Serve the Buffalo chicken salad over a bed of mixed greens, in lettuce wraps, on whole wheat toast, or stuffed into a hollowed bell pepper. Each serving provides 42 grams of protein to support muscle recovery and satiety. Get creative — it works as a dip for crackers too.

High Protein Buffalo Chicken Salad

What Went Wrong and How I Fixed It

Even simple recipes can have hiccups. Here are common mistakes I’ve made and how to avoid them.

  • Chicken turned pasty — I overmixed the salad with a hand mixer and ended up with a mushy mess. Fix: Use two forks to shred and fold by hand. Stop as soon as the dressing is evenly distributed.
  • Salad was too watery — The chicken was still hot when I added it to the dressing, which made the yogurt thin out. Fix: Let the shredded chicken cool for 5 minutes before mixing, or pat it dry with paper towels.
  • Too spicy, not enough tang — I used a ghost pepper hot sauce without realizing how intense it was. Fix: Stick with a mild buffalo sauce like Frank’s. You can always add more heat, but you can’t undo it.
  • Blue cheese overpowered everything — I added the full amount at once instead of splitting it. Fix: Reserve half for garnish. This way you get bursts of flavor without it dominating.
  • Celery got soggy after two days — I diced it too finely and it released moisture. Fix: Dice the celery into slightly larger pieces, about 1/4 inch, so it stays crunchy longer.
  • Dressing separated after refrigeration — I used nonfat Greek yogurt, which is thinner. Fix: Full-fat yogurt keeps the dressing stable. If you use nonfat, stir in a tablespoon of mayo as an emulsifier.

What Do I Serve With High Protein Buffalo Chicken Salad?

This salad is versatile and pairs well with many sides. Here are my favorite ways to serve it.

  • Crisp romaine lettuce cups — The crunchy leaves act like edible spoons and keep the meal low carb. It’s my go-to for a light lunch.
  • Whole wheat toast or crackers — For a heartier meal, pile the salad onto toasted bread. The crunch contrasts nicely with the creamy chicken.
  • Fresh veggie sticks — Carrot, cucumber, and bell pepper strips add color and extra crunch. It’s a great way to bulk up the meal without adding carbs.
  • Sweet potato wedges — Roasted sweet potatoes balance the spicy buffalo flavor with natural sweetness. Bake them at 400°F for 20 minutes while the salad chills.
  • A simple side salad — Mixed greens with a light vinaigrette keep things fresh. The acidity cuts through the richness of the chicken salad.
  • Stuffed bell peppers — Hollow out mini bell peppers and fill them with the salad for a fun, portable snack. It’s perfect for parties or meal prep.

Pro Tips to Make Perfect High Protein Buffalo Chicken Salad

These tips will help you nail the texture, flavor, and storage every time.

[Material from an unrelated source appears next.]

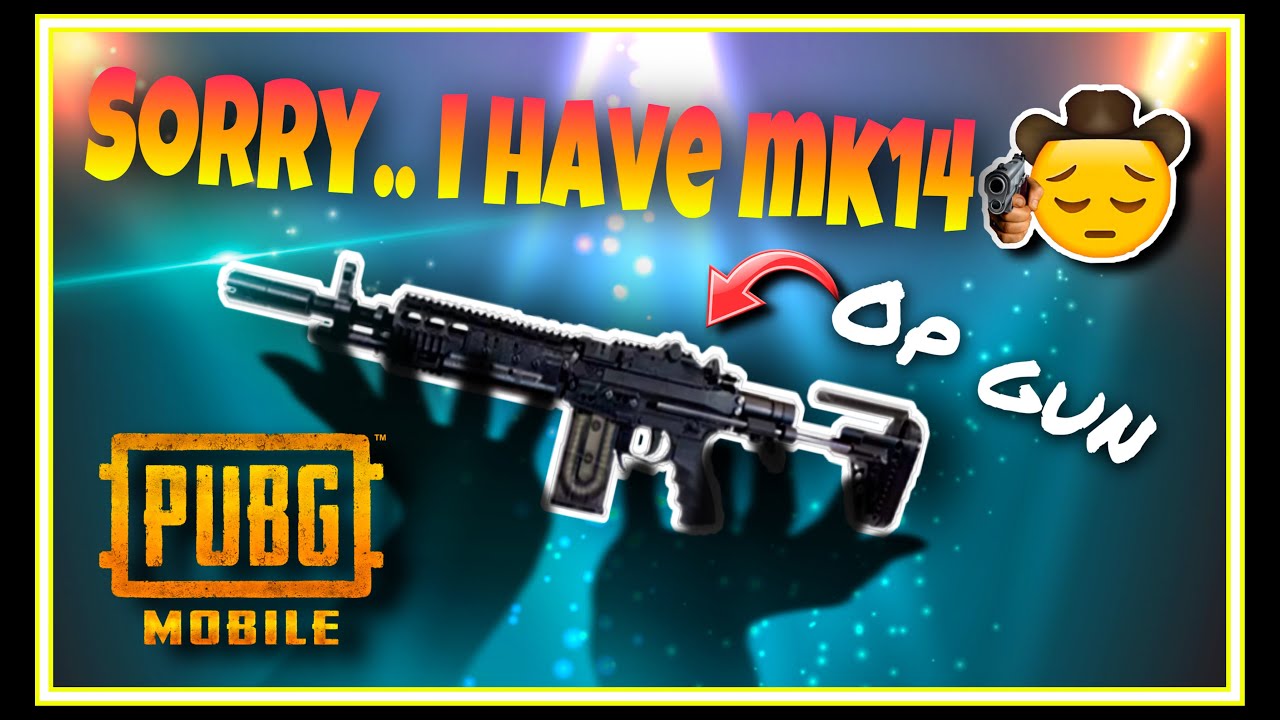 The Reason Why MK14 is BestㅣPUBGMOBILE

  • Shred chicken while warm — Warm chicken breaks apart easily and absorbs the dressing better. Cold chicken clumps and stays dry in the center.
  • Let the flavors meld — Refrigerate for at least 30 minutes before serving. The yogurt and hot sauce need time to penetrate the chicken, creating a more cohesive flavor.
  • Taste as you go — Buffalo sauces vary in heat and saltiness. Add half the hot sauce first, taste, then adjust. This prevents an overly spicy or salty result.
  • Use full-fat Greek yogurt — Low-fat versions are thinner and can separate when chilled. Full-fat gives you a stable, creamy dressing that stays thick.
  • Don’t skimp on the celery — It’s not just for crunch; it also adds moisture and freshness. Without it, the salad can feel one-note and heavy.
  • Boost protein even more — Stir in 1/2 cup of nonfat cottage cheese before serving. It adds about 12 grams of extra protein per serving without changing the flavor much.
  • Serve at the right temperature — This salad is best cold or at room temperature. If you want a warm version, gently heat it in a skillet over low heat for 2-3 minutes. Avoid the microwave — it can curdle the yogurt.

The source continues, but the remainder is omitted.